Even assuming each new iteration of Big Pimpin' contained its own statute of limitations period, plaintiff was on constructive notice as of December 2000 that there may exist one or more infringing compositions containing elements from Khosara, Khosara. The Ninth Circuit has held that a plaintiff may recover damages occurring outside the three-year window only if "the copyright owner did not discover-and reasonably could not have discovered-the infringement before the commencement of the three-year limitation period." Polar Bear, 384 F.3d at 706 (emphasis added). The general discovery rule creates a "disjunctive two-prong test of actual or constructive notice, under which the statute begins to run under either prong. . . . The plaintiff is deemed to have had constructive knowledge if it had enough information to warrant an investigation which, if reasonably diligent, would have led to discovery of the [claim.]" Pincay v. Andrews, 238 F.3d 1106, 1109--10 (9th Cir. 2001). Here, plaintiff became aware of the alleged infringement of Khosara, Khosara by December 2000 at the latest, and thus was put on constructive notice that there may be more infringing works on the market (especially produced by the same alleged infringer). This is bolstered by the fact that plaintiff governs his uncle's entire music catalog and is charged with making business decisions concerning those songs. See Declaration of Osama Fahmy ("Fahmy Decl.") ¶ 3. Plaintiff therefore had a duty to investigate whether other "products" contained the same infringement. E.g., Wood v. Santa Barbara Chamber of Commerce,

, 705 F.2d 1515, 1521 (9th Cir. 1983) ("[E]quity will impute to a litigant knowledge of facts that would have been revealed by reasonably required further investigation."); Indus. Constructors Corp. v. Bureau of Reclamation, 15 F.3d 963, 969 (10th Cir. 1994) ("A plaintiff need not know the full extent of his injuries before the statute of limitations begins to run."); Kepner-Tregoe, Inc. v. Exec. Dev., Inc., 79 F. Supp. 2d 474, 488 (D.N.J. 1999) ("[U]pon discovering one infringing work, plaintiff had a duty to monitor the defendant's additional published works because '[a] reasonable [copyright owner], motivated by his interest in recovering for and preventing infringement, keeps abreast of the activities of those in his field of endeavor.'") (quoting Wanlass v. Gen. Elec. Co., 148 F.3d 1334, 1339 (Fed. Cir. 1998)).

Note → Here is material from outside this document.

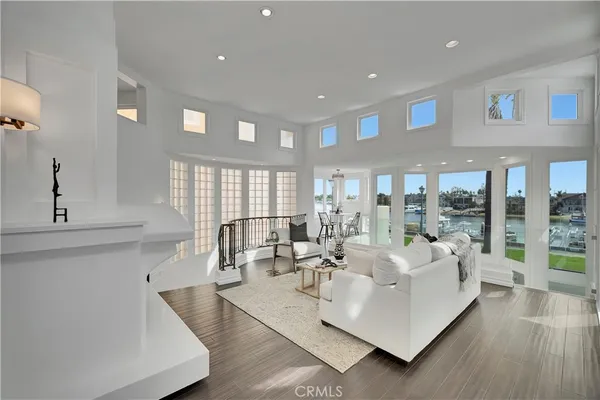 $3,875,000 | 265 Bay Shore Avenue, Long Beach, CA 90803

Accordingly, the Court concludes that plaintiff may recover damages from any infringement only within three years prior to the filing of his lawsuit-i.e., from August 31, 2004 to the present-unless he can provide other bases for equitably tolling the statute.

A. Whether Plaintiff Has Proved Equitable Tolling

The Court is unpersuaded by any of the three bases offered by plaintiff for why the statutory period should be equitably tolled in this case.

First, the mere fact that plaintiff lived in Egypt and speaks little to no English does not toll the statutory period. In Jaso v. The Coca Cola Co., the Fifth Circuit rejected an equitable tolling argument made by a plaintiff residing in Mexico: "[Plaintiff] claims that he could not commence his lawsuit against Defendants from Mexico and had to wait until he arrived in the United States in 2008. The district court correctly rejected this argument." 2011 WL 3279202, *9 (5th Cir. 2011) (also noting that "a plaintiff who 'fails to act diligently cannot invoke equitable principles to excuse that lack of diligence,'" regardless where he or she lives) (quoting Baldwin Cnty. Welcome Ctr. v. Brown, 466 U.S. 147, 152 (1984) (per curium)). Moreover, plaintiff admits he had knowledge of the factual basis of his claim no later than December 2000, and ignorance of the law or difficulty in bringing suit are not grounds for equitable tolling. See Sperling v. White, 30 F. Supp. 2d 1246, 1254 (C.D. Cal. 1998) (holding that no "extraordinary circumstances" existed to toll AEDPA statute of limitations despite petitioner's "[i]gnorance of the law and lack of legal assistance") (internal quotation marks and citation omitted); Allan v. GreenPoint Mortg. Funding, 730 F. Supp. 2d 1071, 1076 (N.D. Cal. 2010) ("Equitable tolling is appropriate only when 'despite all due diligence a plaintiff is unable to obtain vital information bearing on the existence of his claim.'") (quoting Santa Maria v. Pac.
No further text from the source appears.